氢能企业可以帮助光伏解决原本光伏发电的弃电问题。据2021上半年数据显示,全国光伏产业弃光约为0.6亿千瓦时,平均弃光率2.1%。相关研究预计,2年内,随着光伏制氢项目的落地,全国弃光平均弃光率有望下降到1.2%以下。
光伏企业企业则解决了氢能电解水高昂的用电成本,朝着实现全面“绿氢”更进一步。电解水制氢,电力成本要占到总成本的50%以上。而传统的工业用电电力成本在0.6 kw/h,光伏发电所得电力的平均成本仅0.16kw/h。这样低廉的价格,让光伏制氢的成本甚至能和煤炭一较高下。

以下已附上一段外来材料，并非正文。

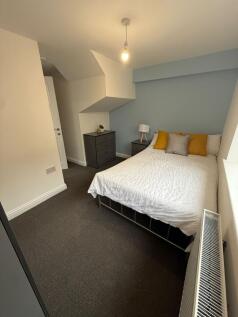 Bright, well-presented bedroom with a comfy dou...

环境的大背景也在引导光伏制氢。2021年以来,全国各地紧密出来氢能源相关的政策。上海、北京等10余个省份发布规划,明确氢能产业发展目标。例如,在濮阳投资3000万元以上的氢能相关设备,当地政府就给予10%补助。
政策的鼓励让光伏企业跨界更为容易,光伏制氢前景十分巨大。
(图片来源:SETO 2020同行评议全体会议报告)
大幅落地的光伏制氢项目,解决了光伏弃电问题,但生产的氢气何去何从反倒成了难题。
这是由于我国氢能产业结构导致的。《2020中国氢能源及燃料电池产业白皮书》显示,我国氢能产业的区域集聚效应显著,已初步形成“东西南北中”的发展格局。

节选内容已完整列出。